Striking workers OK transit pact

The Spokesman-Review

Striking bus drivers, train operators and mechanics overwhelmingly approved a new contract with the city’s mass transit agency Friday, setting the stage to end the area’s first transit strike in 24 years.

Union President Yvette Salazar said the revised offer was approved by 82 percent of workers who voted. If the Regional Transportation District also approves the deal today, transit workers will go back to work Monday.

Under terms of the revised contract, workers would get a wage increase of $1.80 an hour over three years.

Nearly 1,750 members of the Amalgamated Transit Union Local 1001 walked off the job Monday.

Los Angeles

Guilty plea entered in wiretap probe

A former record company executive pleaded guilty Friday to hiring a Hollywood private eye to tap his former girlfriend’s phones to learn how the woman might testify in a business lawsuit.

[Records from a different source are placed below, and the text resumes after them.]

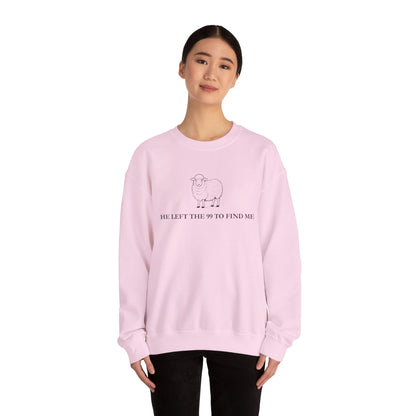 He Left The 99 To Find Me Sweatshirt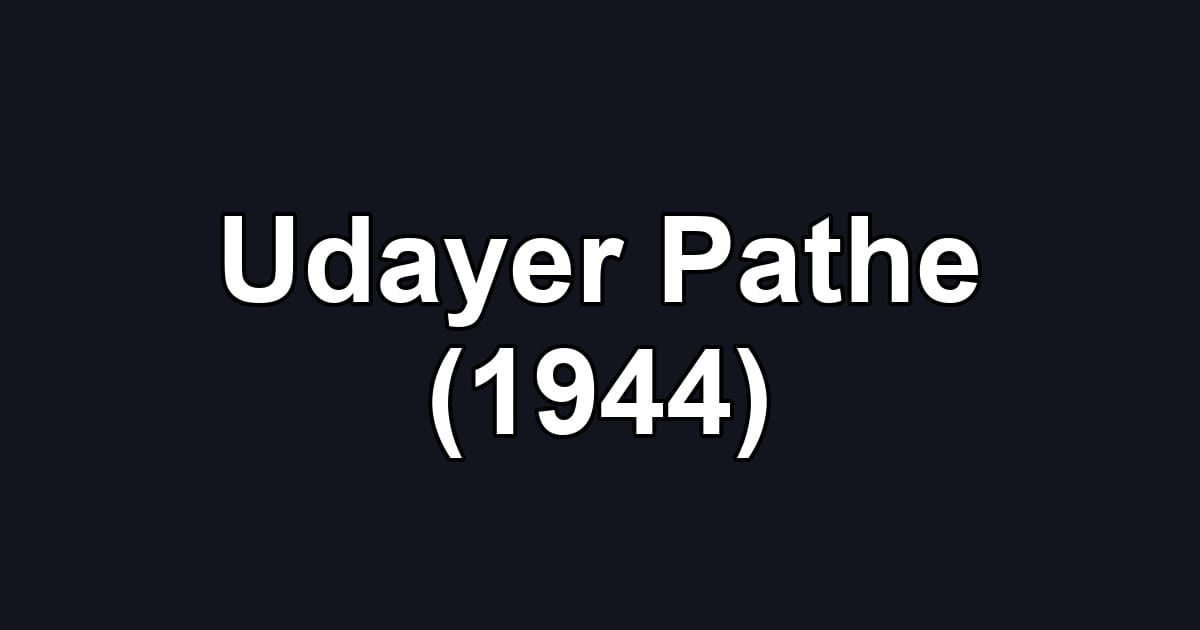 Udayer Pathe (1944)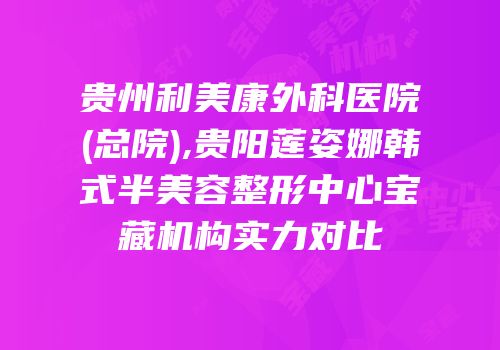 贵州利美康外科医院(总院),贵阳莲姿娜韩式半美容整形中心宝藏机构实力对比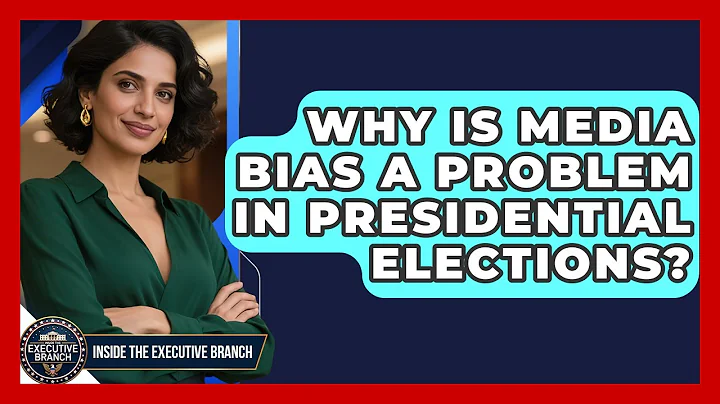 Why Is Media Bias A Problem In Presidential Elections? - Inside the Executive Branch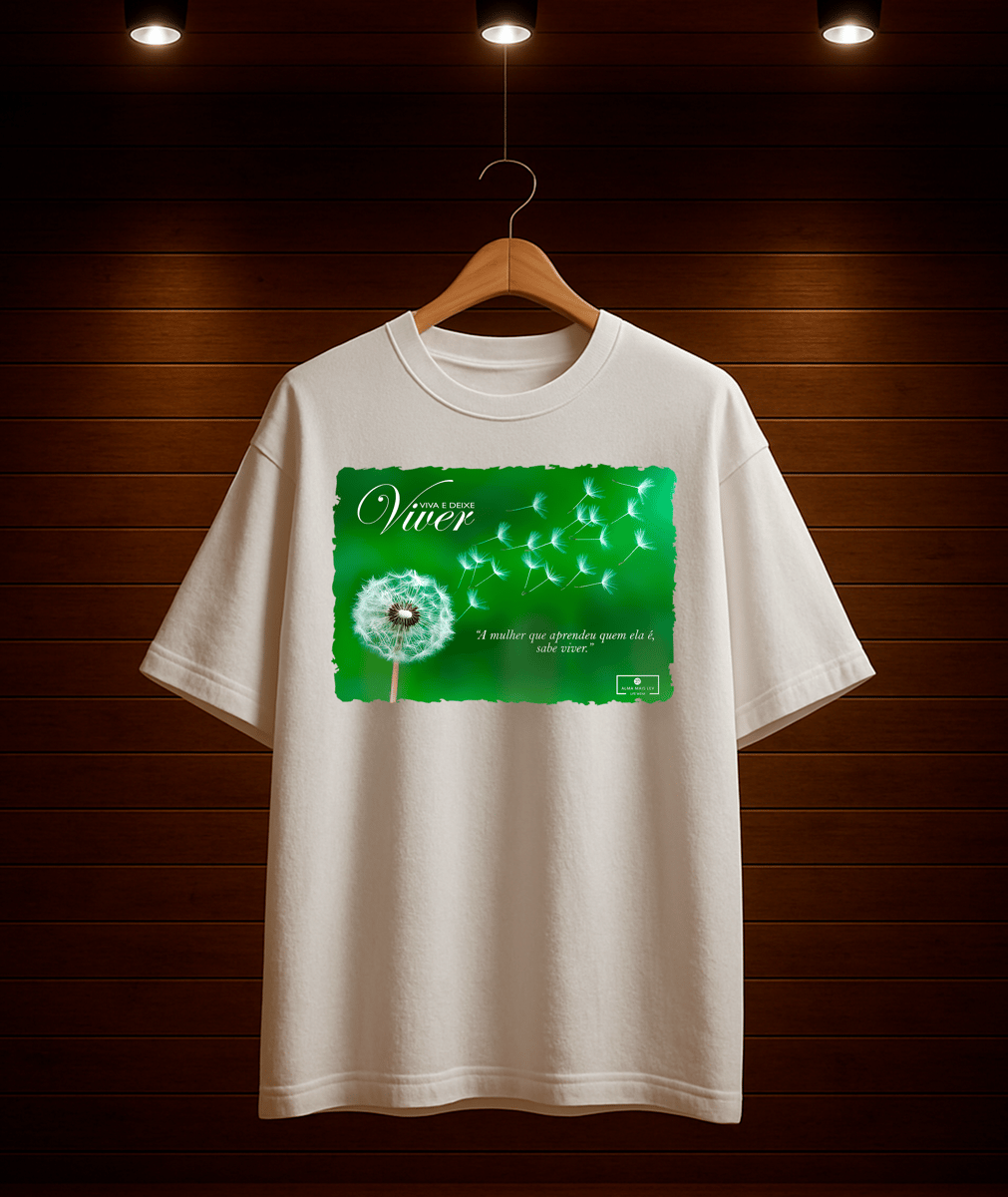 Nome do produto: Plus Size - Viva e Deixe Viver - A mulher que aprendeu quem ela é..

Prosecutors said Robert Pfeifer hired investigator Anthony Pellicano in 2000 and paid $125,000 to listen to the girlfriend’s phone conversations.

Fourteen people have been charged so far in the wiretapping investigation, and Pfeifer, 51, is the fifth to enter a guilty plea. Sentencing for the former Hollywood Records president was set for June 26.

Pellicano, 62, has pleaded not guilty to charges of bugging phones and bribing police to get information on celebrities and others.

New York

Episcopalian panel releases report

An Episcopal Church panel studying the furor over the denomination’s first openly gay bishop proposed Friday that dioceses use “very considerable caution” from now on in electing bishops with same-sex partners, but stopped short of the moratorium critics demanded.

The commission also recommended that the American church offer “apology and repentance” for the turmoil its actions caused within the global Anglican Communion, and said dioceses should stop creating blessing ceremonies for same-gender couples, at least temporarily.

The suggestions are among several that will go before a June meeting of the top Episcopal legislative body, called the General Convention, which can revise or reject the proposals. The outcome of their debate will be critical, shaping not only the future of the American church, but also its role as the U.S. representative of world Anglicanism.